Mass VMs Run


This page summarizes an effort which is made to improve the scalability of the process of running VMs.

We might need to start high number of VMs in about the same time in the following scenarios:

  1. Host that ran high numbers of HA VMs went down, so all those HA VMs should be auto started.

  2. The user asked to run high number of VMs, either by the UI or by scripts.

In case the environment contains few hosts, or in the extreme case one host which is capable to run all those VMs, the slowness of running high number of VMs in parallel is more noticable. As such kind of environments become more and more common, this issue becomes more serious.

We know about multiple processes in the system which can be more efficient, both in the engine and in VDSM, and we believe that together they will make a significant improvement on the process of running high number of VMs in parallel. As It is not feasible to do all of them at once, we’ll make them incrementally and monitor their effect.


Current status

  • Status: Design

Stage 1

Intoroducing a central place in the engine, VmsRunner, which will be responsible to run VMs. All the requests to run VM [1] (except reruns) will be made through this place.

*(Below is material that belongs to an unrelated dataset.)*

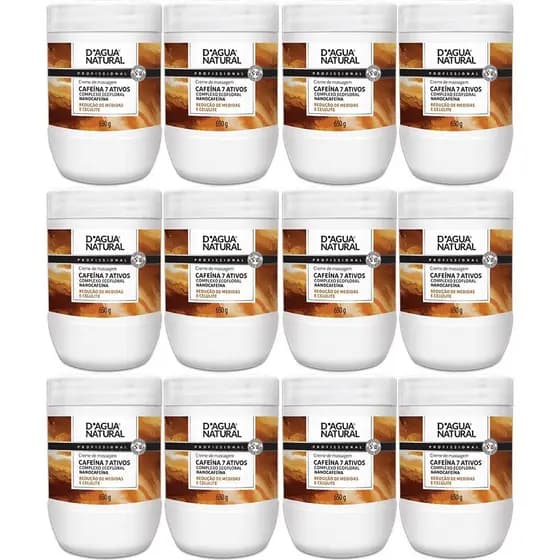 Kit 12 Potes Creme De Massagem Corporal Dagua Natural Cafeína 7 Ativos 650g Reduz Medidas e Celulite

The benefits of having a central place which is reponsible for running VMs:

  • Run VM requests which came around the same time can be prioritiezed [2] [3]
  • VMs that should be run can be aggregated and then scheduled in a bulk
  • Run VM commands which are targeted to the same host can be grouped together and be sent in one message to vdsm
  • The history of VMs that were run on each host recently can be easily saved in memory and be accessed when inspecting further run requests

The VmsRunner will be a quartz job, similar to AutoStartVmsRunner which was recently introduced for running highly available VMs that went down unexpectedly: when request to run VM come, the VM will be added to internal data-structure in VmsRunner. When the VmsRunner job wake up, it will go over all the VMs in the internal data-structure and try to run them. The time interval for the job will be configurable. The api will provide a way to run the VM in regular/run once mode and as internal/external command.

There are two special cases: 1. In AttachUserToVmFromPoolAndRunCommand, instead of firing the run vm command right after the attaching the user, the VM will be placed in the VmsRunner. That means that we’ll need to ensure that if the run fails, 2. UI

Caching the RunVmCommands and sending them in a bulk to vdsm is expected to reduce the time spent on waiting for the synchronized call to the create verb in vdsm to end. A diagram that demonstrates the current flow:

As we can see, the engine call the ‘create’ verb, which in turn start vm creation thread in vdsm and only then the call ends and the engine continue to the next RunVmCommand that invokes the next ‘create’ verb. It should not be long time to end the synchronous call though (~2 sec in our tests), but when it comes to high number of calls it accumulated and thus noticable. Assuming the destination host is capable to run multiple VMs in parallel (it depends on its number of cores), we can reduce the overhead by combining the different calls to one call:

The expected benefits of such change are:

  • Reduce the time needed to set up connections between the engine and VDSM by reducing the number of connection establishments to one
  • Reduce the time needed to encode & decode the XMLs describing the VMs by encoding all the information at once
  • This design will make it possible to invoke the operation against each host in a different thread which should accelerate the process of running VMs on more than one host
  • This design is a step forward for being ready to call the scheduler for scheduling multiple VMs in a bulk

There’s a trade-off when it comes to declare for how long should we aggregate the run VM request: on the one hand, setting it to too short period mean that we may end up with too many calls to host as we had before. On the other hand, setting it to long period would mean that the VMs could maybe be run faster by sending them separately.

Stage 2

draft: thread per host draft: update hibernation volumes without VDS lock draft: don’t execute all can do actions for HA that is being run immediatly after it went down

Future changes

  • Change scheduler to schedule multiple VMs together instead of each one separately.
  • Improve the VM statistics mechanism to work in a bulk

[1] The places where run vm requests come from: 1. The monitoring (VdsUpdateRuntimeInfo) automatically starts highly available VMs that went down 2. The monitoring trigger rerun for failed migration/run commands 3. The prestarted VMs monitoring job 4. REST api 5. UI

[2] The priority of running VMs should probably be: 1. run highly available VMs that went down 2. rerun attempts 3. the prioritization made by RunVMActionRunner

[3] Currently we prioritize only bulk of run requests that comes from the UI (in RunVMActionRunner), prioritize them in the VmsRunner will be more general.